Data lake, data warehouse, schema… this all sounds really fancy and makes it sound like I need to learn some super fancy technical tools to do this…

You actually don’t! While, yes for large organizations like Spotify they often rely on Cloud Computing to do these things. But for an academic, it is much more familiar than what you’d expect!

Your data lake would be the common places that you go to download your study’s data. Whether that is through Qualtrics, Amazon’s MTurk, a hard drive, etc. You access and transform data with your data lake all of the time! Many of these tools I listed do it automatically.

Your data warehouse can simply be a folder containing multiple csv files that contain the data from the same study. That is, rather than downloading your data into a single csv file and then running your analysis with that, you can download your csv file and write STATA, R, or Python code to save versions of your csv that have only some of the columns each (but all of them together).

You can then develop your data warehouse’s schema by opening up a file (e.g., txt, docx, or whatever else you like) and writing out information for your co-authors/lab members about what information each file contains and which column is shared in common between all of the files. People can then access it and run their analyses as they usually do!

A case for using a database rather than csv files

While you’ve increased the security of your data by separating it out into multiple csv files, this is still not as safe as it can be. Some people store their files on Dropbox, store it on a external hard or flash drive, or even encrypt their study files on their computer. However, each of these have their limitations.

One additional security measure is to consider putting your study’s data in a database. There are a number of tools that you can use to do this such as MySQL, SQLLite, PostgreSQL, or DuckDb (my personal favorite). To access data, someone can’t simply just click on the .db file, but rather they have to connect to the database file and execute SQL code to extract it.

If you use R or Python, there are a number of packages that easily allow you to connect to the database and extract your data in your analysis script! So it is not too many extra steps.
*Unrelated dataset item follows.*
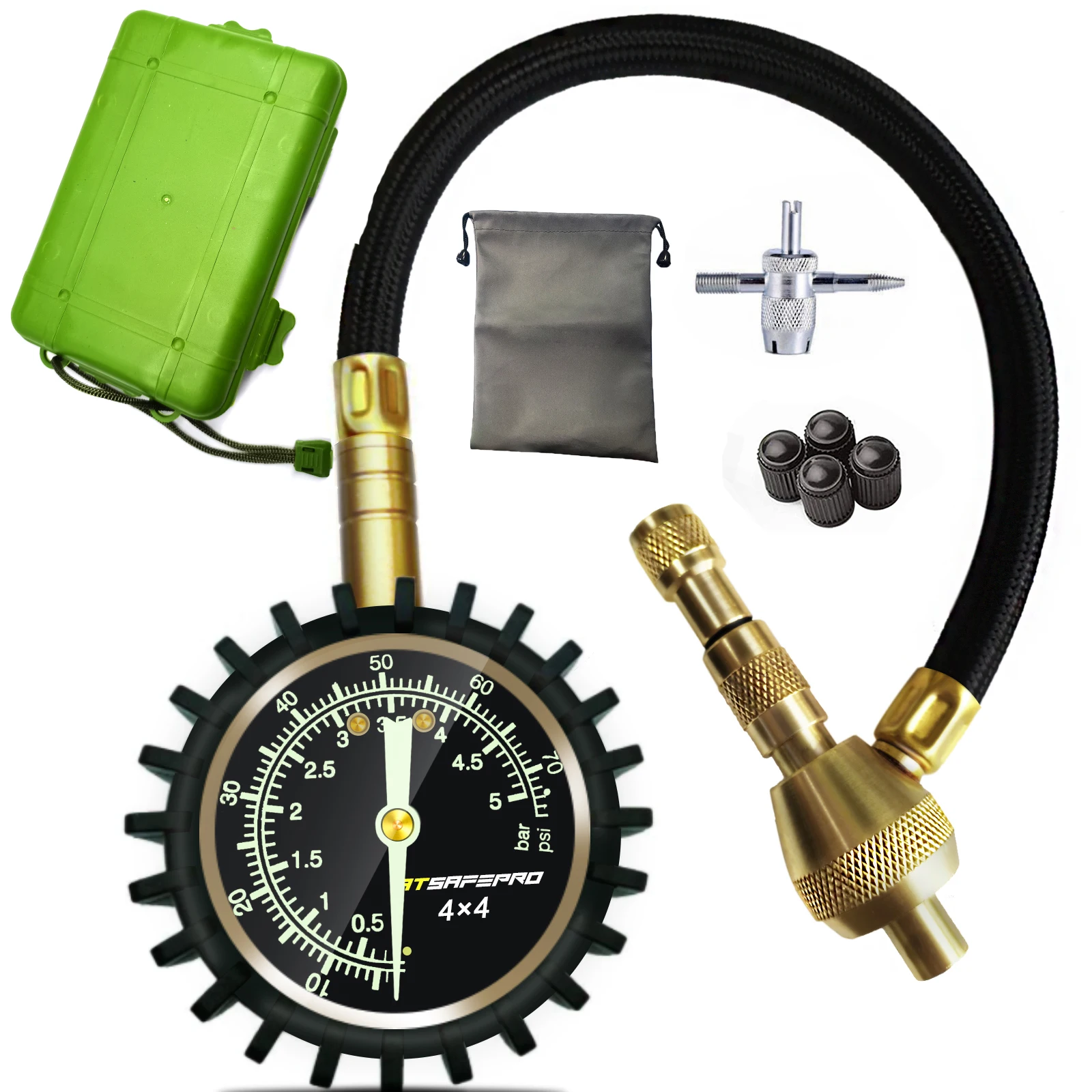 ATsafepro Reifen Deflator Manometer 75Psi 2 in 1 Professionelle Schnelle Entleeren Spezielle Chuck für 4X4 Große Offroad Reifen auf jeep Image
Furthermore, most of the basic SQL that academics would need to do is really simple.

Another benefit is that with some of these SQL database options, you can even password protect the connection to the databases so that even if someone knows how to access the data with SQL, they can’t connect to the database in the first place.
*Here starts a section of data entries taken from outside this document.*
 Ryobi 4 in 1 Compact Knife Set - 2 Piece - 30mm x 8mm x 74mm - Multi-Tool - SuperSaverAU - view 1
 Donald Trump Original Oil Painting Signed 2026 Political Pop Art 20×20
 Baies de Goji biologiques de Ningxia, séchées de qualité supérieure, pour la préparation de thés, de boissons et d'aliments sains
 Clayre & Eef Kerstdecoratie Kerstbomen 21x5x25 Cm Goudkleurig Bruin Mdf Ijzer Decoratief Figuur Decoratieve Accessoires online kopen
So… not too many extra steps for an academic to protect their data from mistakes, from compromising the identity of their subjects, and increase the ease of which users can work with the data as they do not have to worry about teammates overwriting a file or deleting it on accident.

More resources

Data engineers are experts with a number of tools that increase the automation of these tasks and can take the demands of larger and more complex infrastructures.

If you are interested or are involved in computational social science, it may be worth it to learn about some of these.

If you want to start using DuckDB (my personal favorite for academic projects) for your academic analysis in either R or Python, you can checkout their website.

As tools like DuckDB make it easier to access these databases with programming languages like R and Python, they still often require some amount of SQL to send queries to the database to access and interact with the data in the tables. DataCamp has a really useful SQL cheatsheet.

If you want to learn about tools that data engineers use for automation, big data, or cloud computing, I learned a lot of these ideas through a mixture of google and DataCamp’s data engineering career track. While I am someone who typically does not advocate for things that you have to pay for (or for coding bootcamps), I did learn a lot from that career track that helped me get the foundations for a lot of these ideas and has opened my horizons for my dissertation and for the creation of my own webapp with a tool from my own published research that I had tried for years to figure out how to scale up (but now I finally have).